Independent critique/limitations: The performance heavily relies on the quality of P3-SAM. Although bounding boxes and semantic features mitigate segmentation noise, the initial clues still originate from P3-SAM. If it completely fails on certain object categories, both the bounding boxes and semantic features will be misleading. Furthermore, evaluations are only conducted on 200 samples of ObjaversePart-Tiny, lacking sufficient validation on out-of-domain/real-world scanned datasets.
Future directions: Incorporating physical/mobility priors to perform physics-aware decomposition; using sparse or hierarchical part tokens to mitigate the linear relationship between part counts and inference time.

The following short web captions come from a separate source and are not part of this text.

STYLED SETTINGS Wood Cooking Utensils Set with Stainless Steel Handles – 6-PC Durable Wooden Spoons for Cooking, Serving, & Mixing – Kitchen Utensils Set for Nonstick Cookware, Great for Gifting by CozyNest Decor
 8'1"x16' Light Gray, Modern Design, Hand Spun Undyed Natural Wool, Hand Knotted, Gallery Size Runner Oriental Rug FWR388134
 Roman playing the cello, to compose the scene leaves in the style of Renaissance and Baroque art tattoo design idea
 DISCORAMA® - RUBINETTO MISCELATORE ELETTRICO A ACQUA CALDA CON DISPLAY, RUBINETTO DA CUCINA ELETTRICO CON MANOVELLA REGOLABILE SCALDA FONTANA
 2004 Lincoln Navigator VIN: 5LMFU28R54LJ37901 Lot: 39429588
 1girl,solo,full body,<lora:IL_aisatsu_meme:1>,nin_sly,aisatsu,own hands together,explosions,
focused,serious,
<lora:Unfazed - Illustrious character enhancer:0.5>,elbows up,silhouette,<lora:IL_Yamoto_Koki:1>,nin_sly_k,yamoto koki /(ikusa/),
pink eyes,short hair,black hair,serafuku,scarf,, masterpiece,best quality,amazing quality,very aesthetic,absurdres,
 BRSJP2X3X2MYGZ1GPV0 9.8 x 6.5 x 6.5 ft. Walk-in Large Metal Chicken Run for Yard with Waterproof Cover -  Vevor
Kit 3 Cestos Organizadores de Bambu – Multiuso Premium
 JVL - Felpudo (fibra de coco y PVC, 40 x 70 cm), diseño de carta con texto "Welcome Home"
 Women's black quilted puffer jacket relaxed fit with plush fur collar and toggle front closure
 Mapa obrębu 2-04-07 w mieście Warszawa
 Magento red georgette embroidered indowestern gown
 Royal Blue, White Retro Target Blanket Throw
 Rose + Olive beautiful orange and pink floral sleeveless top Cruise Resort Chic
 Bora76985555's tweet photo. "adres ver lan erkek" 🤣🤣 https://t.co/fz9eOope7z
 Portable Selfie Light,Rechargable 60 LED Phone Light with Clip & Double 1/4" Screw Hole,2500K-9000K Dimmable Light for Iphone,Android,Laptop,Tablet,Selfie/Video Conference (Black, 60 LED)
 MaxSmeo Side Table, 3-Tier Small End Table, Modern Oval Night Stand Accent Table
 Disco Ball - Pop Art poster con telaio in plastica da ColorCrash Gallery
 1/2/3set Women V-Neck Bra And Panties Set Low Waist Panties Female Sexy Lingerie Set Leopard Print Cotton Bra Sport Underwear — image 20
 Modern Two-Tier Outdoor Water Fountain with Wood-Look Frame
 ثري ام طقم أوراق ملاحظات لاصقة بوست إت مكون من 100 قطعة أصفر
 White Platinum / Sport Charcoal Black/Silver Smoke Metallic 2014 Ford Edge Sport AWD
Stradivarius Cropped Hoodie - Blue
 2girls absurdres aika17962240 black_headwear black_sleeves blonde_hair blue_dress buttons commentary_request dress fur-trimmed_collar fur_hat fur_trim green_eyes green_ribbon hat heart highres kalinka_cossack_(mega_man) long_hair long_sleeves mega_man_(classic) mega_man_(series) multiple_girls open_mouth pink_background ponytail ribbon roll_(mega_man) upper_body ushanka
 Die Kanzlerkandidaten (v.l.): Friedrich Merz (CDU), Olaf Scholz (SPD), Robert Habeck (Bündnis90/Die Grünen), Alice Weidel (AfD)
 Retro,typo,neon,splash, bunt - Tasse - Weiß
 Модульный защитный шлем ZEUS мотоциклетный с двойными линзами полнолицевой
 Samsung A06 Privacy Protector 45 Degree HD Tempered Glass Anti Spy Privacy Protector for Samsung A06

vs HoloPart: HoloPart completes geometry for each part independently based on 3D segmentations, making it highly sensitive to segmentation errors. X-Part adopts bounding boxes + semantic features for synchronized multi-part generation, yielding significantly higher part decomposition quality (CD 0.11 vs. 0.26) and better robustness against segmentation noise.
vs PartCrafter / PartPacker: These methods do not rely on explicit segmentations and extract parts automatically via multi-instance DiTs, resulting in poor controllability and blurry boundaries. X-Part reclaims user control with bounding box prompts and is capable of completing occluded geometry.
vs OmniPart: OmniPart also employs bounding box prompts and relies on Trellis-based explicit representations, but it cannot complete occluded geometry and requires generating coarse geometry beforehand. X-Part directly performs decomposition and completion on existing 3D shapes, outperforming OmniPart even when the latter is fed with ground-truth masks.
vs CoPart / BANG / AutoPartGen: CoPart supports up to 8 parts and cannot decompose existing shapes; BANG utilizes explosive decomposition but easily loses fine geometric details; AutoPartGen generates parts autoregressively, which is computationally expensive and offers weak control. X-Part is comprehensively superior in terms of part count (up to 50), controllability, and completion capability.

Rating¶

Novelty: ⭐⭐⭐⭐ The conditioning design of "bounding box prompts + intermediate semantic features" is highly counter-intuitive and clever, though the synchronized multi-part diffusion framework inherits from the PartCrafter paradigm.
Experimental Thoroughness: ⭐⭐⭐⭐ It evaluates both decomposition and overall generation tasks, compares against multiple strong baselines, and ablation studies clearly identify part conditioning as the core; however, evaluation is restricted to a dataset of only 200 samples.
Writing Quality: ⭐⭐⭐⭐ The derivation of motivations and conditioning design are clearly explained, and the three experimental tables are self-consistent.
Value: ⭐⭐⭐⭐ Directly serves the 3D asset production pipeline (retopology, UV mapping, editing); controllable, completed, and editable part-level decomposition holds high practical value.